28 августа 1839 г. Комитет западных губерний сообщил о 61 286 крепостных, конфискованных у помещиков в Волынской губернии. Однако многочисленные процессы и споры, замедлявшие работу Волынской ликвидационной комиссии до 1851 г., не позволяют назвать точную цифру.
Сразу после завершения крупномасштабной акции, целью которой было продемонстрировать, что ожидает смельчаков, решившихся не подчиниться законам империи, власти нашли новый повод продлить пиршество. Вскоре после назначения в Киев Бибикову удалось мастерски раскрыть «заговор» Шимона Конарского. Была выявлена политическая деятельность, объединявшая землевладельческую шляхту с деклассированной шляхтой в губерниях, которые, как казалось, находились под строжайшим надзором.
Несмотря на то что Шимон Конарский не был уроженцем Киевской губернии, именно здесь было учреждено больше всего филиалов его организации. Родившийся под Августувом в 1808 году, этот 30-летний шляхтич, бывший студент Виленского университета, офицер артиллерийского полка Польского корпуса до 1831 г., служивший затем капитаном в повстанческом войске, а затем эмигрировавший во Францию, проникся весьма радикальными идеями, стал членом демократического общества «Молодая Польша» и издавал вместе с радикалом Яном Чинским газету «Północ» (Север). Конарский находился под сильным влиянием идей А. Сен-Симона, был сторонником Дж. Мадзини и его «Молодой Европы» (вместе с ним принимал участие в Савойской экспедиции). Он был одной из наиболее привлекательных и благородных фигур среди романтических революционеров, грезивших идеалами и забывавших о серости будней. Отправляясь в качестве эмиссара в Российскую империю, он, очевидно, не представлял, насколько может быть инертно и даже враждебно к любой демократической идеологии шляхетское общество. Распространявшиеся им на Волыни идеи воссоздания независимой Польши на основе союза с крестьянством не пользовались какой-либо популярностью. Предпринятая же им акция была типичным проявлением отрыва увлекавшейся либерализмом польской эмиграции от реальности. Стремясь восстановить Польское государство в границах до 1772 г., она не желала считаться с существованием этнических различий между славянами824.

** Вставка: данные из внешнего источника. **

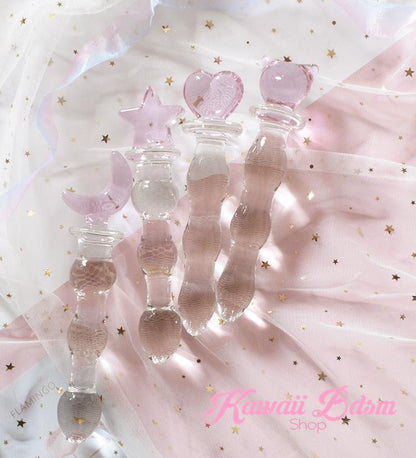 Assorted clear glass pleasure wands with pink cat handles displayed beautifully on a dreamy pastel background with aesthetic sparkles.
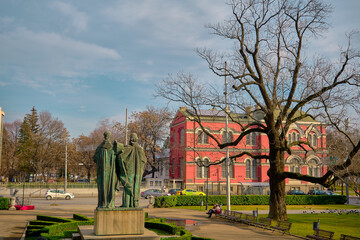 In front of Sts. Cyril and Methodius National Library with a statue and small park with dried trees and street on car. Bulgaria. Sofia. 06.01.2021.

Молодой эмиссар скрывал свои контакты под видом педагогической деятельности. Он был учителем дочери волынского помещика средней руки Фредерика Михальского. Привязанность Конарского к этому дому была тем сильнее, что он был влюблен в свою юную ученицу. Нельзя сказать, что он находился в абсолютном вакууме. После многочисленных поездок ему, как известно, удалось организовать киевских студентов, многие из которых были арестованы в 1837-м и в последующие годы. Он также отправился в Вильну, где студенты Виленской медико-хирургической академии, например Ф. Савич, создавали кружки, а также в Дерпт – поляки учились и в тамошнем университете. Конарскому удалось достичь взаимопонимания и с некоторыми российскими оппозиционерами. У него были связи во Львове, в том числе в Греко-католической семинарии, где еще в 1836 г. руськие (русинские) семинаристы, входившие в организацию, требовали ее переименовать в «Общество польского и руського люда». Однако признать идеи равенства с крестьянством и своеобразия «руського люда» польской шляхте было не под силу825.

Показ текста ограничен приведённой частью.